Smart pointers: Most smart pointers are small "wrappers" around native pointers, carrying a reference count that tries to be as automatic as possible. Most popular in C++ implementations, though some languages (Rust) look to incorporate smart-pointer-type semantics directly into the language. These generally try to then utilize stack-based concepts to help automagically manage reference counts for allocated objects, but circular reference counts are still possible (and probable). In languages like Java or C#, one might imagine that all object references are smart, in that they are known to the platform. (Note: the CLR specifically has object reference pointers--what the CLI Spec calls "managed references"--as well as "native pointers", which are raw locations in memory, without the additional CLR-backed support, for interop with native code.)

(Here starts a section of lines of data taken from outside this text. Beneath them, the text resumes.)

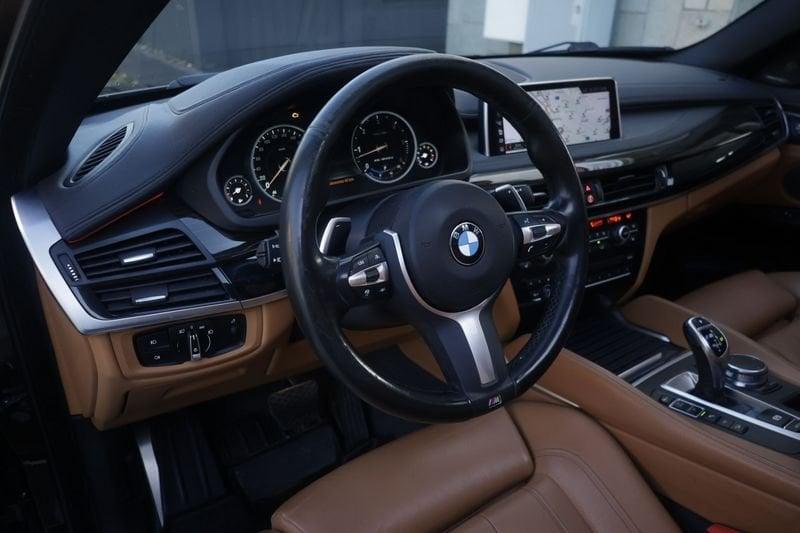 BMW X6 BMW X6 M50d Tetto Panoramico Unicoproprietario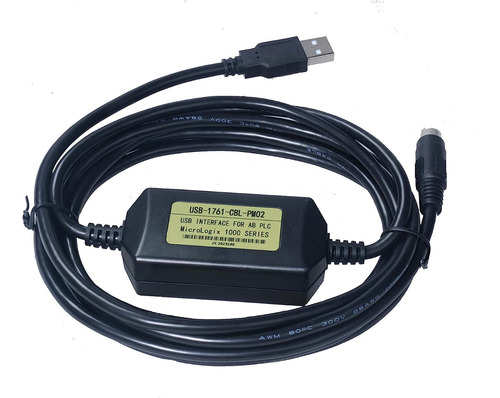Cable De Comunicacion Usb Para Plc Micrologix Allen Bradley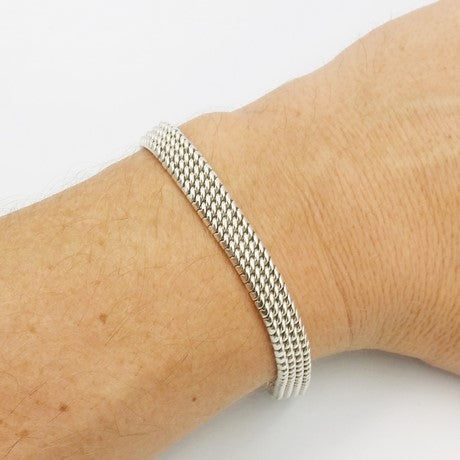 Bracelet maille milanaise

Reachability: When moving beyond pointer/reference-based schemes, most automated memory systems need to know which objects are eligible for reclamation, and which aren't--in essence, which are still under the possibility of being used by code. (An automatic memory system should never deallocate an object that is in use.) This analysis is usually known as "reachability" analysis, that is, finding which objects are "reachable" by user code, and therefore unsafe to reclaim. Many systems have multiple possibilities of reachability:
- reachable (in use)
- softly reachable: Softly-reachable objects are eligible for reclamation, but are not reclaimed except and until memory pressure is too great (in other words, the runtime will fail if space is not found). Useful for caching behavior.
- weakly reachable: An object is weakly reachable when the garbage collector finds no strong or soft references, but at least one path to the object with a weak reference. Weakly reachable objects are finalized some time after their weak references have been cleared. The only real difference between a soft reference and a weak reference is that the garbage collector uses algorithms to decide whether or not to reclaim a softly reachable object, but always reclaims a weakly reachable object. Weak references work well in applications that need to, for example, associate extra data with an unchangeable object, such as a thread the application did not create. Systems with weak references usually have some form of notification system when the referent is cleared, such as Java's ReferenceQueue mechanic. If you make a weak reference to the thread with a reference queue, your program can be notified when the thread is no longer strongly reachable. Upon receiving this notification, the program can perform any required cleanup of the associated data object. This makes them useful for object-pooling kinds of behavior.
- finalizer-reachable or "f-reachable": an object queued by the runtime for reclamation but still requires its finalizer to run; thus it is reachable only by the finalizer thread/mechanism within the runtime.
- phantom-reachable: An object is phantomly reachable when the garbage collector finds no strong, soft, or weak references, but at least one path to the object with a phantom reference. Phantomly reachable objects are objects that have been finalized, but not reclaimed. These are the hardest to use, but offer a mechanism by which to do cleanup after a finalizer has been executed, essentially providing another way to do resource cleanup.
- unreachable (not in use): There is no path from any executing code to this object, so there is no way this object could be used, making it safe to eliminate.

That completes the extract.